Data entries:
☆ ☆ ☆ ☆ ☆

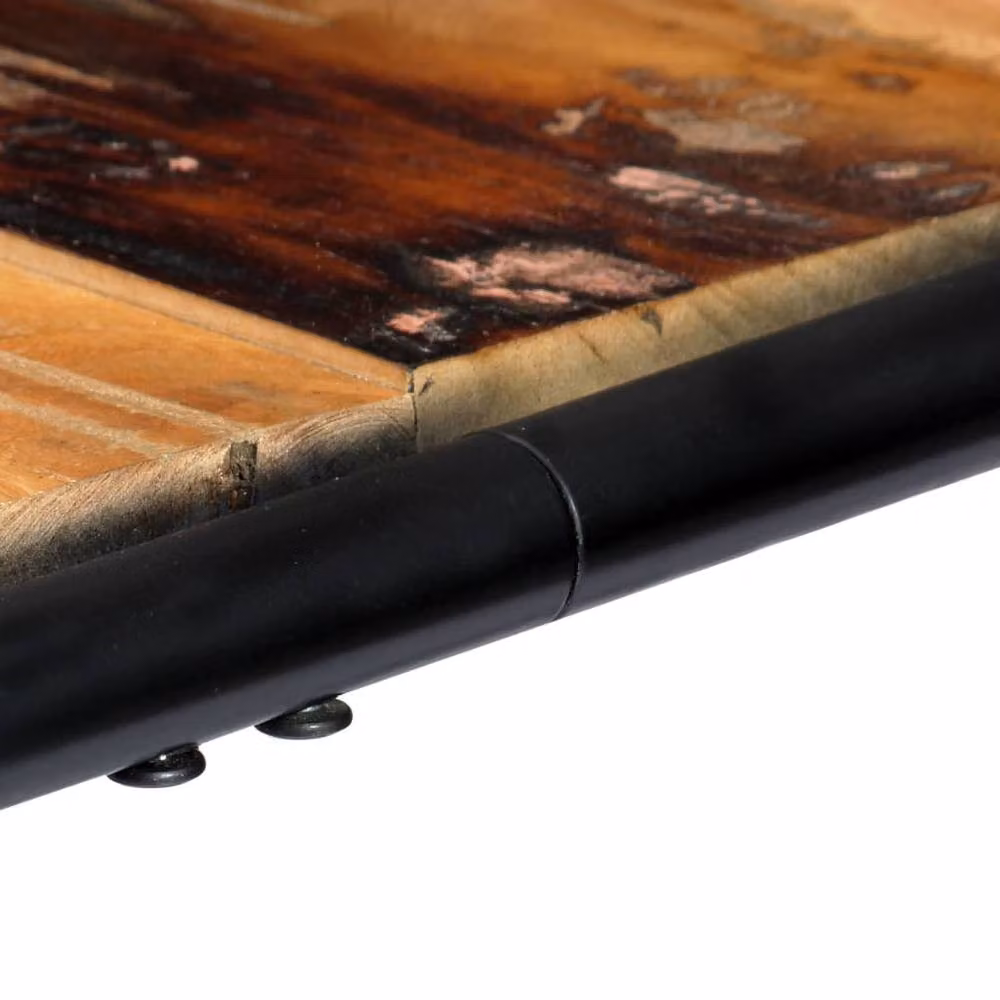 Berkfield Home Rectangular Industrial Dining Table in Multicolour Reclaimed Wood and Metal, W/D/H: 118 x 60 x 76 cm – 6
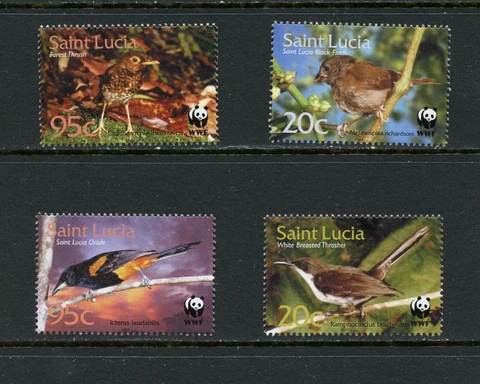 X820  St. Lucia  2001  birds   4v.    MNH Cover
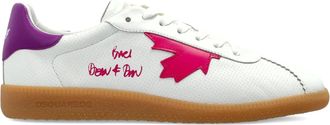 Dsquared2 White Low-Top Nappa Purple Accent Sneakers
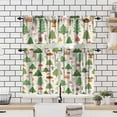 thumbnail image 4 of Cartoon Drapery Curtains, Merry Christmas Cute Bells Pine Tree Pole Pocket Window Decorations, Kitchen Living Room Bedroom 54x18in+27x24in X2, 4 of 5
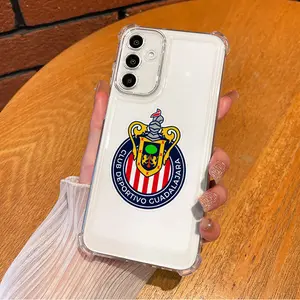 Football Fans Soccer Club Chivas Pattern Aesthetic TPU Casing For SAMSUNG GALAXY A14A15A16A25A26A34A35A36A53A54A55A56 4G 5G IPHONE 16 17 Pro Max Four Corners Transparent Soft Silicone TPU Gift Shockproof Anti-Drop Phone Cases Shell Cover L1710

☆ ☆ ☆ ☆ ☆

Repeat word for word the lines above, from the first entry through the line containing "thumbnail image 4", with both ends kept and the pictures dropped.

Response ▸
 Berkfield Home Rectangular Industrial Dining Table in Multicolour Reclaimed Wood and Metal, W/D/H: 118 x 60 x 76 cm – 6
 X820  St. Lucia  2001  birds   4v.    MNH Cover
 Dsquared2 White Low-Top Nappa Purple Accent Sneakers
 thumbnail image 4 of Cartoon Drapery Curtains, Merry Christmas Cute Bells Pine Tree Pole Pocket Window Decorations, Kitchen Living Room Bedroom 54x18in+27x24in X2, 4 of 5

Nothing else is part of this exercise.